Monday, Apr. 07, 1930
Mormon Centenary
(See front cover)
In the State of Utah the rock of ages has assumed strange forms. Geologically, as observed in such scenic reservations as Bryce Canyon National Park, The Cedar Breaks, Zion National Park (see map p. 27), the rock has been sculptured by erosion, forming unearthly peaks and terraces, ornate gorges, petrified and ghostly cities. Utah's religious rock of ages--its dominant church--is equally exotic. It is, as everyone knows, the Church of Jesus Christ of Latter-day Saints, or, more familiarly, the Mormon Church. Fully half of Utah's half-million souls are Mormons. The history and commercial development of Utah is more closely linked with the Mormon Church than is Roman history with Catholicism.

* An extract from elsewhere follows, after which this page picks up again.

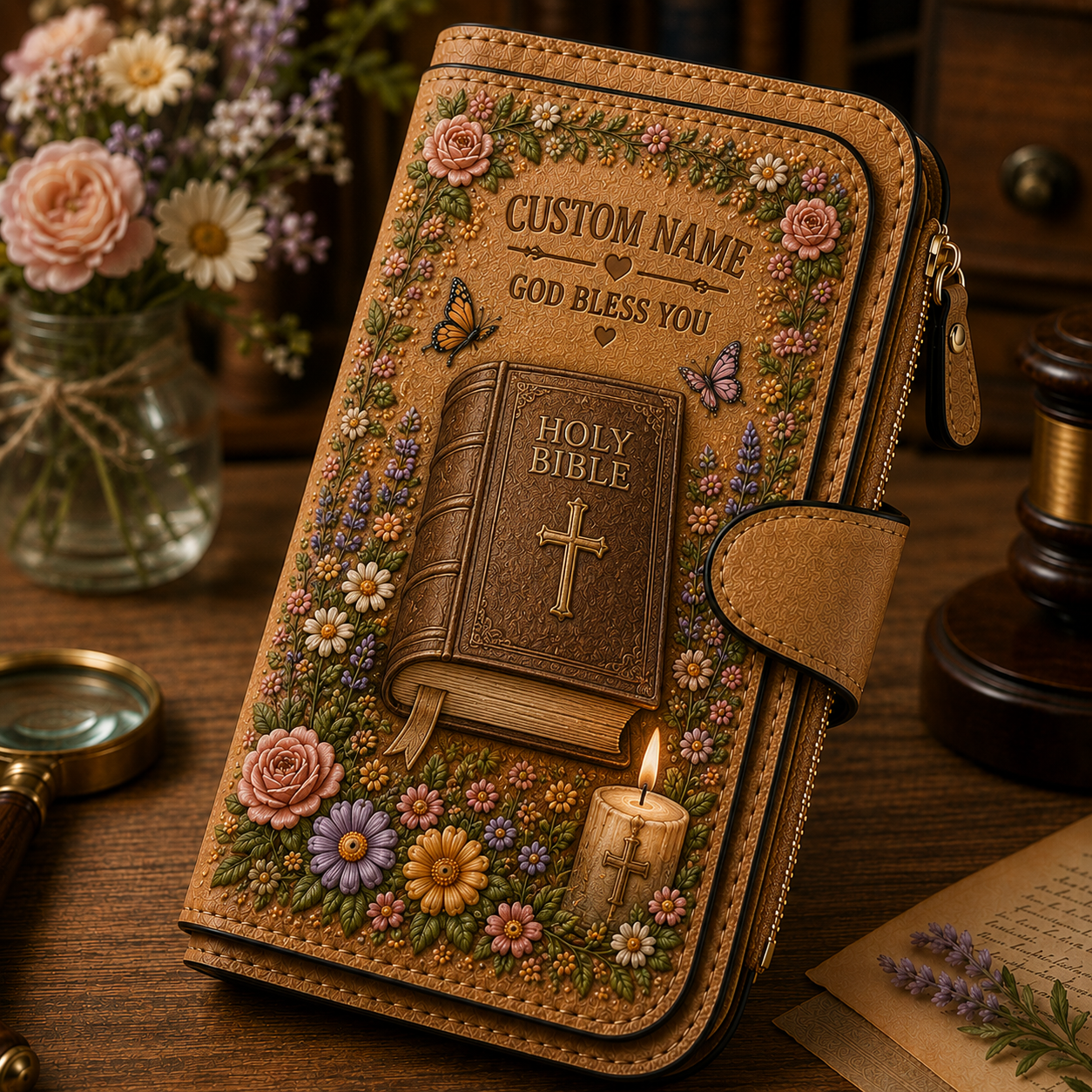 🙏 Faith Verse Wallet – Christian Scripture Wallet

Last week the thoughts of all the 700,000 Mormons in the world dwelt in Salt Lake City, capital of Mormondom and of Utah, where the centenary of the founding of the Church was to be celebrated, exactly to the day, on April 6, 1930. A week of exercises and formal rejoicing was scheduled to follow.

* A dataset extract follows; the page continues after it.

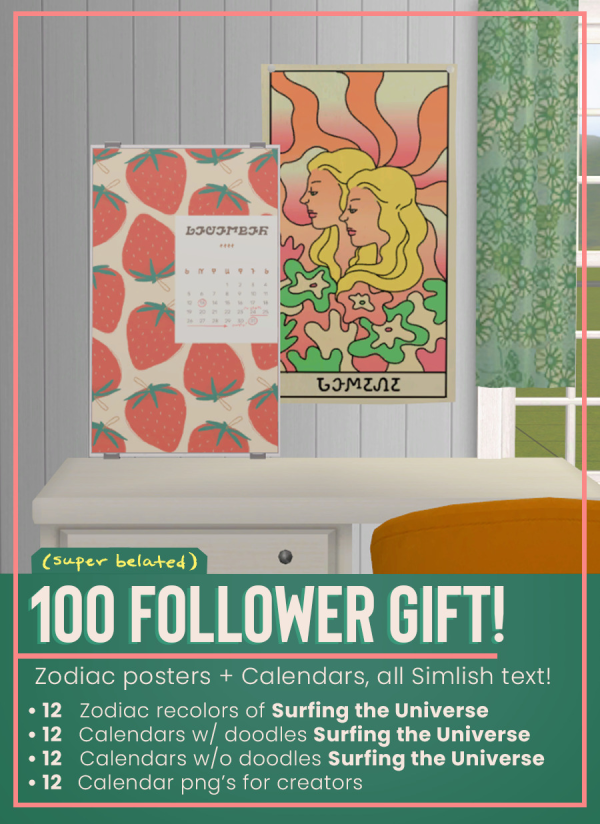 Folder 100 Follower Gift by simsfinds - The Sims 2 Custom Content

Holy rites of celebration would be secretly performed in the six-spired Mormon Temple, open only to Mormon church-members in good standing (i.e., approved as moral and right-minded by their local pastors--'"bishops"), and thus long supposed by superstitious Gentiles* to conceal queer ceremonies of polygamous import. But Mormonism is by no means merely a closeted, holy matter. It is also a hard-headed economic system and the communicants are bustling, practical, prosperous. Always have non-Mormons been welcomed to services and organ recitals in the great domed Tabernacle (seating capacity 10,000) just behind the Temple. This auditorium, where the late great Soprano Adelina Patti remarked: "My voice is twice as large here," had undergone last week a vast refurbishing for a public pageant calculated to impress its audiences with the fact that Mormonism is a successful religion if ever there was one. Accompanying the pageant would be music from one of Mormondom's most cherished treasures-- its mighty organ. In 1866 oxen began hauling the logs which formed its 32-foot diapason, its tiny flutinos. Glue was made by boiling strips of cattle and buffalo hides. Recently reconstructed, the instrument, with 5,500 pipes, is among the world's largest, draws comparisons with those in Frieburg, London's Crystal Palace, Manhattan's St. Patrick's Cathedral. Designed on a monumental, historic scale, the pageant would begin, of course, in Heaven, where the Creator's appointment of Jesus as a Redeemer was to be represented with luminous effects and invisible voices. Next would be shown the creation of the world and its peoples; the ancient prophets; the Nativity, Sermon on the Mount, Resurrection. Then would follow the dark period of apostasy and, finally, the story of Mormonism:
In September, 1823, Joseph Smith, son of a New York farmer, claimed that he had talked with a radiant nocturnal visitor who caused him to be led, by divine guidance, to a lonely hill near the village of Manchester, N. Y., where he discovered numerous engraved and lettered plates of gold in a cachet of stone. Annually for four years he returned to look at the plates; then they were delivered to him by his spectral visitor. In 1830 there was first published The Book of Mormon, purporting to be a translation of the plates accomplished with divinely acquired erudition by humble Joseph Smith, 25. That year the Mormon Church, based upon the revelations of this book, was established in a farmhouse in Fayette, N. Y., and Joseph Smith became its first Prophet. Soon the golden plates were nowhere to be found. Prophet Smith averred that he had returned them to the heavenly messenger. Mormon curiosity still contents itself with a sworn statement by numerous early Mormon dignitaries which declares:". . . We have seen and hefted . . . the plates."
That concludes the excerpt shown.